On Monday, Verizon agreed to fork over $4.8 billion for Yahoo's email services, websites, advertising tools, and real estate. The deal, which is expected to close in the first quarter of next year, not only ends a dreary five-month search for buyers, it concludes Yahoo's long, slow slide from internet colossus to spare parts provider.

Yahoo's genesis goes back to the primordial days of the internet when, in 1994, two Stanford graduate students built a single directory page that listed all of their favorite websites. It was an approach that became known as a "web portal" — a one-stop gateway to all the stuff on the internet that interests users — and for a while that model allowed Yahoo to grow into what was once one of the biggest internet businesses ever. At the peak of the dotcom bubble in 2000, the total value of all of Yahoo's outstanding shares was a whopping $125 billion.

Then, like the rest of the bubble, Yahoo popped.

Yahoo's market value was able to recover to around $50 billion in 2005, which is when it bought 40 percent of the Chinese internet commerce site Alibaba. But then its market value began to decline again, and when it slumped to $20 billion in 2012 the company brought on Marissa Mayer as its new CEO. She tried various gambits to revive the company, including purchasing Tumblr for $1.1 billion in 2013, producing original video content, starting digital magazines across a wealth of topics, and even hiring Katie Couric.

And in fact, during Mayer's tenure, Yahoo's market value rose to around $38 billion today. But the rebound was arguably ephemeral: Over $31 billion of that value is just the Alibaba shares, despite the fact that Yahoo sold off some of its holdings and only claims 15 percent of the Chinese company today. The Tumblr buy also went bad, and Yahoo was forced to massively write down the website's value on more than one occasion. The Alibaba holdings aren't part of the Verizon deal, nor are Yahoo's stake in Yahoo Japan or its patent portfolio. Verizon is getting Yahoo's essential services and underlying technology for $4.8 billion, and what's being left behind is essentially a portfolio of investments in other companies and financial claims.

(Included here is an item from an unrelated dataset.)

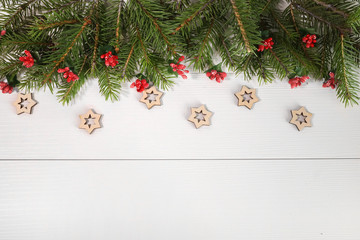 Fototapeta na wymiar Wide arch shaped Christmas border isolated on white, composed of fresh fir branches and ornaments in red. wooden Christmas stars eco-materials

It's not that Yahoo ever failed, exactly. The price of a company's shares isn't the only measure of its value, and Yahoo was and remains profitable. The website still attracts about one billion users a month globally, and Yahoo mail still boasts 225 million monthly users, and by some metrics it's still one of the biggest digital media companies. Yahoo remains a relatively large driver of search traffic — but Microsoft sites are bigger, and Google surpasses both by gargantuan amounts.

More than anything, Yahoo just got left behind.

Its revenue was more or less equal to Google's in 2006. Then it went into slow and modest decline as Google exploded. Yahoo now brings in fewer sales per employee than Twitter, Alphabet (which owns Google), or Facebook, and it's become more and more expensive for Yahoo to pull in users from other partners. Google and Facebook now account for over half the digital ad market, and adding Yahoo will bring Verizon to just 5.2 percent or thereabouts.

Yahoo also arguably missed the boat at a few key moments. Google snatched up YouTube after Yahoo failed to, and also beat them to the punch when it came to buying the right to sell ads through AOL and MySpace. And as those websites deflated, Google was well positioned to just keep expanding.

In Yahoo's defense, anticipating the future is hard. "Facebook is a nice small business," as one analyst told The New York Times in 2006. "I would prefer they [Yahoo] spend less than $1 billion for it."

Nor can any of this be laid at Mayer's feet. Her approach to reviving Yahoo, while scattershot, was an extension of efforts Yahoo had been making for a while: attempting to compete against Google as a search engine, against MySpace as a social network, against ESPN as a sports news site, against AOL as a messenger, and more. Unlike Google, which just worked to become the world's premiere search engine, or Facebook, which just worked to become the world's premiere social network, Yahoo's lack of focus was already infamous before Mayer arrived. She was dealt an arguably unwinnable hand, making her the latest in a recurring pattern of female CEOs who are handed the reins of already destined-to-fail companies just in time for things to blow up.

More than anything, Yahoo just got big in a different era, and for a different internet. Back then, the internet was the new frontier — wild and weird and a little bit scary at times — and Yahoo's web portal model was what people needed to navigate it. But then we actually explored the internet, got used to it, and found that the new approaches being pioneered by places like Google and Facebook were more useful. And technology probably played a role too: Usage of mobile devices is vastly increasing, and smartphones and tablets make web portals even more obsolete.

Yahoo just failed to keep up, as some businesses inevitably do. In a previous lifetime, that might not have ended Yahoo. But today, when shareholder demand for profits rules all, activist investors were able to get the better of the company. So now Verizon has come along to take Yahoo apart and absorb whatever useful bits it has left.

Eventually, every frontier closes. And when it does, its explorers find themselves out of a job.